Task instructions: Every line with "Protective" in it should be copied from the data.

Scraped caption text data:
[Start of section]
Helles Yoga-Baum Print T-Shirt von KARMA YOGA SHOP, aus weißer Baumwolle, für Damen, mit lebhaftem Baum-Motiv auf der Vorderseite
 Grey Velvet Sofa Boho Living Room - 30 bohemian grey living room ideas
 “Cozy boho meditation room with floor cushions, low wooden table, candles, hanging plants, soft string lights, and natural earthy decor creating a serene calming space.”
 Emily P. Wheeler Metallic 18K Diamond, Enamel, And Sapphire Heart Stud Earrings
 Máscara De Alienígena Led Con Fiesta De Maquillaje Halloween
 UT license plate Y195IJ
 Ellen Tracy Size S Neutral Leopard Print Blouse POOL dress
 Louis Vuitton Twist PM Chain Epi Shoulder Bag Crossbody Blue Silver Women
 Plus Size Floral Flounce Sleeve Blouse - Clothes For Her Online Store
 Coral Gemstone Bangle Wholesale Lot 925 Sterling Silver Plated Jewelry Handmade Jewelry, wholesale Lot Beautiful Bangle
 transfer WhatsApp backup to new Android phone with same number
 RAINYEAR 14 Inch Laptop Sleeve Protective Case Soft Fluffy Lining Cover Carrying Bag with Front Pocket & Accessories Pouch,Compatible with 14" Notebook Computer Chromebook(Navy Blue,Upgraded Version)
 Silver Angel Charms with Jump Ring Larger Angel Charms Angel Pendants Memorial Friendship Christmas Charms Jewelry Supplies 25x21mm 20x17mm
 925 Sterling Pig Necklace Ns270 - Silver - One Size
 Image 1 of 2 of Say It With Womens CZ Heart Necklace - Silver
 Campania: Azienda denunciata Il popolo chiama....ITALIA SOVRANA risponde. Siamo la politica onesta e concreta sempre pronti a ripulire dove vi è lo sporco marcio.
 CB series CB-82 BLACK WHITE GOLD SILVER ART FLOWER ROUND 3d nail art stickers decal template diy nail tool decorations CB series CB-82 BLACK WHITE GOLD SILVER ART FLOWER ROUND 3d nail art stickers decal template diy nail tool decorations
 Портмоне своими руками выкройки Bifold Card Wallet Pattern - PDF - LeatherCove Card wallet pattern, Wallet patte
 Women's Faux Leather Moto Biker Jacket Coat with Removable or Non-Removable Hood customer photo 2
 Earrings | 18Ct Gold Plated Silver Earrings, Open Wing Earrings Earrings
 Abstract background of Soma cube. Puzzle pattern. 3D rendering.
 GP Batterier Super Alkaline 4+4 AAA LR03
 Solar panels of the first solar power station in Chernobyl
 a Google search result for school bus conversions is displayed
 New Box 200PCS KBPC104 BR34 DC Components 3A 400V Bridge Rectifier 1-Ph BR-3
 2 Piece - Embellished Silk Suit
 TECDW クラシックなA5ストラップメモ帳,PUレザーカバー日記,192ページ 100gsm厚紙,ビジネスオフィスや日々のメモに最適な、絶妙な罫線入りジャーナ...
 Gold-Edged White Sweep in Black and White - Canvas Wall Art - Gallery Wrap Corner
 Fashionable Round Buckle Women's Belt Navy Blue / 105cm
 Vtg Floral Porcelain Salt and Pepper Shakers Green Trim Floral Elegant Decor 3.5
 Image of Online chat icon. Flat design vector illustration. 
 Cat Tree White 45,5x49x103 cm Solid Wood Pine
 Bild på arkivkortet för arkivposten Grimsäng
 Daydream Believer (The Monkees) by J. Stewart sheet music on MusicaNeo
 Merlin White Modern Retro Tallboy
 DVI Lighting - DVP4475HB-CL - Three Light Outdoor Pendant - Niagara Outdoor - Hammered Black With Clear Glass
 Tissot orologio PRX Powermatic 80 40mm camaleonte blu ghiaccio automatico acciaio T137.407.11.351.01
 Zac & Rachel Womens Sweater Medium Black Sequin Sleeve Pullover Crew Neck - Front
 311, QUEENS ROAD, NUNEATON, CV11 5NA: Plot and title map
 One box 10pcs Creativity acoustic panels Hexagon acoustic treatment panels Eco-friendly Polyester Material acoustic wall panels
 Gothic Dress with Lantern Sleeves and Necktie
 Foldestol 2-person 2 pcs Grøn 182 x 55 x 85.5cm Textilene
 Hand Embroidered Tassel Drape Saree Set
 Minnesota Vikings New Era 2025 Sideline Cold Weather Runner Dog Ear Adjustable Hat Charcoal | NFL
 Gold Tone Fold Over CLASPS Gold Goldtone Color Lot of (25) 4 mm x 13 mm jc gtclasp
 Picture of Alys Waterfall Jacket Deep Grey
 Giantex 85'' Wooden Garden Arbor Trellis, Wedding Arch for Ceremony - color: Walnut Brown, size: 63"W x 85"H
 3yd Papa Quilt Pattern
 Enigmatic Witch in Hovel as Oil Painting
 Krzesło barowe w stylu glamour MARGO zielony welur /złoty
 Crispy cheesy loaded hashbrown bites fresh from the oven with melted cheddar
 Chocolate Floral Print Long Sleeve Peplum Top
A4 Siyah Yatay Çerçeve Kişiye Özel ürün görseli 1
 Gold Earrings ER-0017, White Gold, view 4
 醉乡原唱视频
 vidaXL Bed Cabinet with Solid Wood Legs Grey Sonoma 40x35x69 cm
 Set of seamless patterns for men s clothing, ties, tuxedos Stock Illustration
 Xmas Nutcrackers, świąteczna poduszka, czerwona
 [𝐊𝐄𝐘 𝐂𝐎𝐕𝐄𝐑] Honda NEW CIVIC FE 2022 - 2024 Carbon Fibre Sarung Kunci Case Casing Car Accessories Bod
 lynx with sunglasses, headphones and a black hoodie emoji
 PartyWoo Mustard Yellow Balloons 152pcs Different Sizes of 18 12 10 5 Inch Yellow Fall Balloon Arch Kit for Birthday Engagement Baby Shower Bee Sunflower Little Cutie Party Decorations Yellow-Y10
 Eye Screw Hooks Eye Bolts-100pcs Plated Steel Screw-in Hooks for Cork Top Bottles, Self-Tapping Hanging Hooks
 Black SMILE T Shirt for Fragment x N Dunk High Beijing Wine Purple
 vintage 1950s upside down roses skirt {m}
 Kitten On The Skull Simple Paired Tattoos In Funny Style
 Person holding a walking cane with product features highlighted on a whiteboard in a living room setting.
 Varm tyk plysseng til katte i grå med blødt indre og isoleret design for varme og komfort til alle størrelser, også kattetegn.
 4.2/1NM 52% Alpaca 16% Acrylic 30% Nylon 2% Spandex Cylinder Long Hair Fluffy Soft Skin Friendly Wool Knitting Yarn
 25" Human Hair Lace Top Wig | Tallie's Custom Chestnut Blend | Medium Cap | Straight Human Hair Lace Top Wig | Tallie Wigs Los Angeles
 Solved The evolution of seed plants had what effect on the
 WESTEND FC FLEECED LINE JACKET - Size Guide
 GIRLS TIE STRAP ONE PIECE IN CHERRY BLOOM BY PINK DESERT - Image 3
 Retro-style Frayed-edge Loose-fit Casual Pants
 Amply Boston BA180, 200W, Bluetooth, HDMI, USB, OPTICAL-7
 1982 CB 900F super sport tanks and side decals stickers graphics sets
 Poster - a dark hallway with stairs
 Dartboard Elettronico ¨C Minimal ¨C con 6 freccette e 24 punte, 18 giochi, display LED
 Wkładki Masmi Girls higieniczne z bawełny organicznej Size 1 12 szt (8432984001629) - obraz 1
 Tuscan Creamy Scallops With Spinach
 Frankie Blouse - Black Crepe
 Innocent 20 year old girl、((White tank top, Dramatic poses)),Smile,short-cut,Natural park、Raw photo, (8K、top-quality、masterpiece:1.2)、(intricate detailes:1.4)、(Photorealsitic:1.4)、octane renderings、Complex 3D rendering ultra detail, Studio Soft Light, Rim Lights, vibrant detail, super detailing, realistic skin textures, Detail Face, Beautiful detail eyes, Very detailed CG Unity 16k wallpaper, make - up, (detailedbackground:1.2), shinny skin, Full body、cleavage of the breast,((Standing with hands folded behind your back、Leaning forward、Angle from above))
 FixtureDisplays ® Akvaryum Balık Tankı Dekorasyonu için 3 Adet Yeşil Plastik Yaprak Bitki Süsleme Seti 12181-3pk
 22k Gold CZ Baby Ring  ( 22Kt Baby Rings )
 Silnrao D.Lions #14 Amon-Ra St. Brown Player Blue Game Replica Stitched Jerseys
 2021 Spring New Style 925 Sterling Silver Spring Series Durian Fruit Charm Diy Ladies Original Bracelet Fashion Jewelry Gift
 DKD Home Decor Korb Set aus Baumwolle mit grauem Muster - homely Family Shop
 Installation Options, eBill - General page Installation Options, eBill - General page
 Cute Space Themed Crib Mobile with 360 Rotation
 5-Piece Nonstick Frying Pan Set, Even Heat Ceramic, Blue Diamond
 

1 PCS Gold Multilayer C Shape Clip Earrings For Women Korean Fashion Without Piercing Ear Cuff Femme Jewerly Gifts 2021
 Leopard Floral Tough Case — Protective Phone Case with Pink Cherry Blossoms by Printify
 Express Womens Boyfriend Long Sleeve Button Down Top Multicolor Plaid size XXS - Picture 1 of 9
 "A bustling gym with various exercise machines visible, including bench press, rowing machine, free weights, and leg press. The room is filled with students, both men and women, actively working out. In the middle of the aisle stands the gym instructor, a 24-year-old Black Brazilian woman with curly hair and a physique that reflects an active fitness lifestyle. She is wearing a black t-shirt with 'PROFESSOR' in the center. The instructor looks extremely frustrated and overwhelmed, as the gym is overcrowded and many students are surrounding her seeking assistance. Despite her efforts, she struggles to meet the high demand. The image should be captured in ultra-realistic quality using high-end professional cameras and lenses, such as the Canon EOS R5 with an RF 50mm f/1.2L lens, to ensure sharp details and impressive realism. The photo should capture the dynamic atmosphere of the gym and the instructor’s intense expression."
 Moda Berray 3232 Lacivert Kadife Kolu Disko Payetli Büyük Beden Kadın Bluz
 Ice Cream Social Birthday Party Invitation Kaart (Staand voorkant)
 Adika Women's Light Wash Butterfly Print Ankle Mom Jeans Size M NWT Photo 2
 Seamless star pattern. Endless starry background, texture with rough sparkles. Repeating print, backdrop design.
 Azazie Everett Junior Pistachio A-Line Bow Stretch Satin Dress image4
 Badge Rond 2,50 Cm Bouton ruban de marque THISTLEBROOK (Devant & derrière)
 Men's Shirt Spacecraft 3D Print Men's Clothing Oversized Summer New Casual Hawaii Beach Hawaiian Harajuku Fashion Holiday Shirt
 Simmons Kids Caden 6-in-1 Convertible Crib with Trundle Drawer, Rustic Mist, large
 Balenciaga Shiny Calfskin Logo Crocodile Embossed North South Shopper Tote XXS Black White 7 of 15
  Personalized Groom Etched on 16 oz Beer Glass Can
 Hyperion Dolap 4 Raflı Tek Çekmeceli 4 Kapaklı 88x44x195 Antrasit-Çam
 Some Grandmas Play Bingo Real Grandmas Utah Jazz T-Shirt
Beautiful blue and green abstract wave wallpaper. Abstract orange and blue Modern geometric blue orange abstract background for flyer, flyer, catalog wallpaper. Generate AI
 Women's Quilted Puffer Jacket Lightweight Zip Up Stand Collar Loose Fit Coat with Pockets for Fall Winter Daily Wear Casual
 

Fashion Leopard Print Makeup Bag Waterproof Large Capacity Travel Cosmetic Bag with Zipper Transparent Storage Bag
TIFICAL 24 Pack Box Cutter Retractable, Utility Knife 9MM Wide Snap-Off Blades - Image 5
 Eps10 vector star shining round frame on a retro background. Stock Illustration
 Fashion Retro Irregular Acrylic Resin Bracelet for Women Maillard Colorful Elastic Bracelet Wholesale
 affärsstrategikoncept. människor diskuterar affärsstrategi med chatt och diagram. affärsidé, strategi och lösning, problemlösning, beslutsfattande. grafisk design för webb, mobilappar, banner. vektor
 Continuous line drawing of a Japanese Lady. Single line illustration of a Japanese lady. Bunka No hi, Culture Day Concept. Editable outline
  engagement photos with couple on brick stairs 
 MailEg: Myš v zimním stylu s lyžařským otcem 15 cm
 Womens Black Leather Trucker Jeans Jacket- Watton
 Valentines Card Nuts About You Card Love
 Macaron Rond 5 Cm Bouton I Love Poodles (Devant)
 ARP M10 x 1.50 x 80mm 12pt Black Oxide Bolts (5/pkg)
[End of section]
Task solution:
 RAINYEAR 14 Inch Laptop Sleeve Protective Case Soft Fluffy Lining Cover Carrying Bag with Front Pocket & Accessories Pouch,Compatible with 14" Notebook Computer Chromebook(Navy Blue,Upgraded Version)
 Leopard Floral Tough Case — Protective Phone Case with Pink Cherry Blossoms by Printify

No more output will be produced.